Taking mindful space for yourself will keep you grounded and peaceful while you help take care of a loved one.

  1. Take deep breaths.

    Research shows that spending just a few minutes sitting with your breath will relax you. Take five minutes to sit down, breathe deeply, feel your lungs fill with air, let it go easily, and repeat. Place your attention on how it feels to inhale fully and release the breath fully. After a few minutes of breathing exercises, you will have more oxygen running through your body, and the body’s natural relaxation response will kick in.

  2. Be present.

    Do one thing at a time. When you are with your care partner, be with them fully. Try slowing down, even when things are hectic. Engage your senses: listen to what’s going on in the room, watch the way the light comes through the window, feel the warmth of your loved one’s hand. Be present when you’re taking a break, too. Let yourself be aware of a moment of quiet, or even your own tiredness. Any time you’re really there with whatever is happening, you are practicing mindfulness.

  3. Be kind to yourself.

    What do you love to do that is healthy, absorbing, and renewing? Do you like to run or bike? Listen to music? Take a bubble bath? Have lunch out with a friend? Read a good mystery novel? Take a nap? Think of these things as necessary, not as special treats. Things that you love to do are like anti-stress medicine for your mind and body.

    Does meditation or prayer help you to de-stress? Try starting the morning with a prayer or meditation for caregivers to set your intention for the day.

  4. Practice gratitude.

    Sit outside, even if it’s on a sidewalk bench. Get some sun on your face, be with your breath, and watch the world go by. Think of one thing for which you are truly grateful. You can try writing this down every day—in a gratitude journal or just in your calendar. Just seeing these words can bring a moment of uplift when the challenges of caregiving seem overwhelming.

  5. Connect to others.

    Don’t take on the challenges of family caregiving on your own. Call family or friends. Ask them if you can call to check in occasionally. Tell them they don’t have to fix or do anything, you just need them to listen, even for just a few minutes. When you say things out loud, it helps. Try joining a caregiver support group, even remotely. Or, look for a Mindfulness-Based Stress Reduction (MBSR) class in your community.

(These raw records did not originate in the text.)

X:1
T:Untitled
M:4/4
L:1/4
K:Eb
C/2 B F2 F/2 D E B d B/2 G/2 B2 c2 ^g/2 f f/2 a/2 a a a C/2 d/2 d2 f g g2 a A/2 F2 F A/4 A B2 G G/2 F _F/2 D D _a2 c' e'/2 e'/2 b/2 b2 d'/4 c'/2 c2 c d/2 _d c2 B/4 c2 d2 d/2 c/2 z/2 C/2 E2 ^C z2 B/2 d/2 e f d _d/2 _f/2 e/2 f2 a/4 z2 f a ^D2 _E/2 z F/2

Bonus: Try Starting a Meditation Practice for Caregiver Stress

Sitting and following your breath might seem useless, especially given everything on your to-do list. But meditation has many benefits.

Here is a beginner’s guide to the practice of meditation. It’s all you need to get started.

Every Day at the Same Time

Schedule this mindful meditation time for the same time and in the same spot every day.

5-10 Minutes at First

When starting out with meditation practice, keep it short and sweet. Set a timer for five to ten minutes.

Sit and Watch Your Breath

Sit upright on a cushion on the floor, propped up on the couch, or in a chair with your feet on the ground.

Watch your breath as it flows in and out. Don’t try to control it, just observe. You can bring your awareness to your chest, your belly, or even your nostrils. See what feels most natural to you.

Let Your Thoughts Flow By

When you start thinking about what you need to do, or something you forgot, or anything else that gets your attention, just note it and gently return to your breath. The thing is not to tire yourself out by forcing it. Think of a tree that starts to sway in the wind and then gently returns to its natural stable position.

After the Practice, Take a Minute

When you’re done with this short practice, give yourself a few minutes to ground yourself in your intentions for the day. What are your priorities and what do you need to put into place to take care of yourself so that you can be a present and attentive caregiver?

Track how you do each day on the issue(s) you decided to give some extra attention to and at the end of the week, review how things are going.